Leon Gettler has a post about performance reviews on The Age blog. It struck a chord. I’m not the greatest fan of performance reviews. I don’t think I’ve ever had one which has been helpful. Most of the time, they have been “rubber stamp” affairs, with bosses ticking various boxes just so that we can say that we’ve gone through the process (thus keeping the HR department off our backs).
Gettler cites a study by Personnel Decisions International (PDI) which found that, where employees report to multiple bosses, the employees’ performance ratings were inconsistent, and sometimes bosses gave wildly varying ratings.
In a study of 5,970 employees reporting to two bosses, employees who were rated “Outstanding – one of the best” by the first boss, were rated lower by the other boss 62% of the time and only “Somewhat above average” or less 29% of the time.

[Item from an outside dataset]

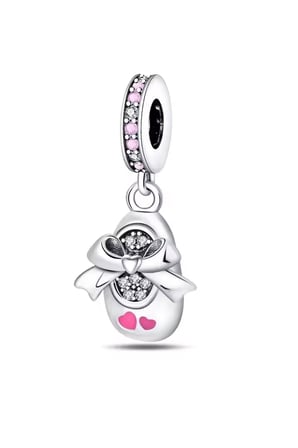 Kalpli Patik Sallantılı 925 Ayar Gümüş Charm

“Unfortunately, the concept of rater bias is something that almost every company encounters,” explains Brian Davis, executive vice president, practice areas at PDI. “This basically means that bosses are rating employee performance through their own biases. Some bosses tend to rate employees on how well they like them, rather than how well the employee performs. Other bosses tend to have their own rating systems where, for example, they rate everyone well. The problem with rater-bias is that it takes away the organization’s ability to objectively use data from performance evaluations with any validity.”

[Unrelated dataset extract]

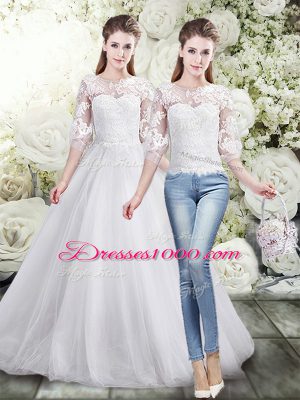 Designer Half Sleeves Lace Up Floor Length Lace Wedding Dress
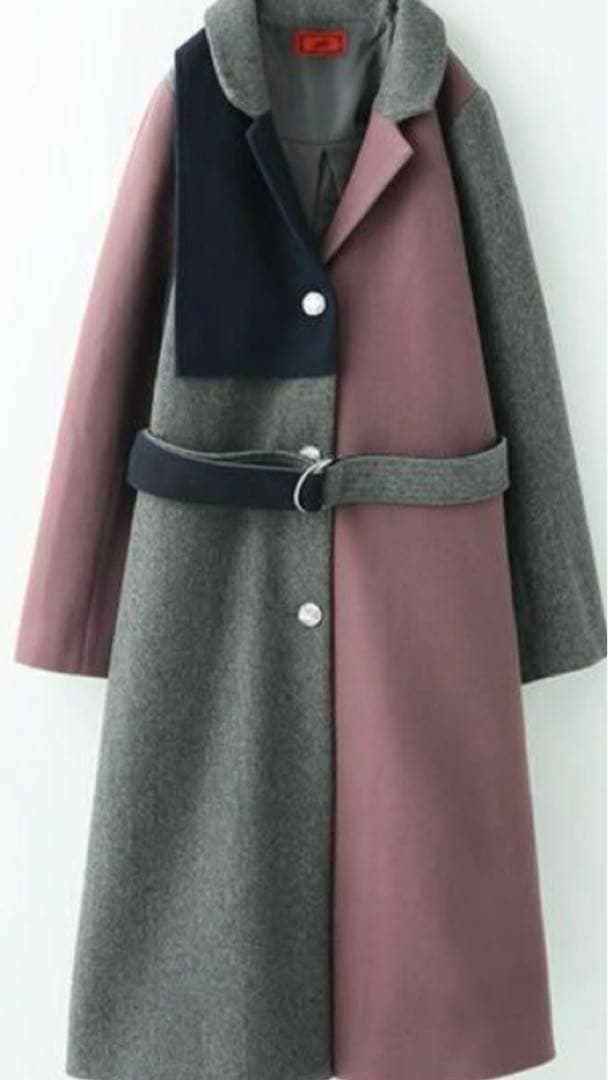 《肉まん》未使用SOMARI コート　テーラーコート　配色デザインメルトン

Apparently part of the problem arises when performance assessments do not address specific competencies or criteria.
“When two bosses are involved, it is crucial to use common standards for rating employee performance,” Davis continued. “By knowing which skills and competencies are important for the work and what types of behaviors constitute an ‘average’ rating compared to an ‘above average’ rating, for example, the entire validity and value of performance evaluations greatly improves.”
“When standards are not used, you can’t count on the objectivity or accuracy of a performance assessment and you have no differentiating data that allows you to make confident decisions about promotions, training or leadership development,” Davis continued. “Today’s best companies simply cannot leave their talent management decisions to chance. They need to know that the time and effort put into performance evaluation have a return on investment of making better talent management decisions.”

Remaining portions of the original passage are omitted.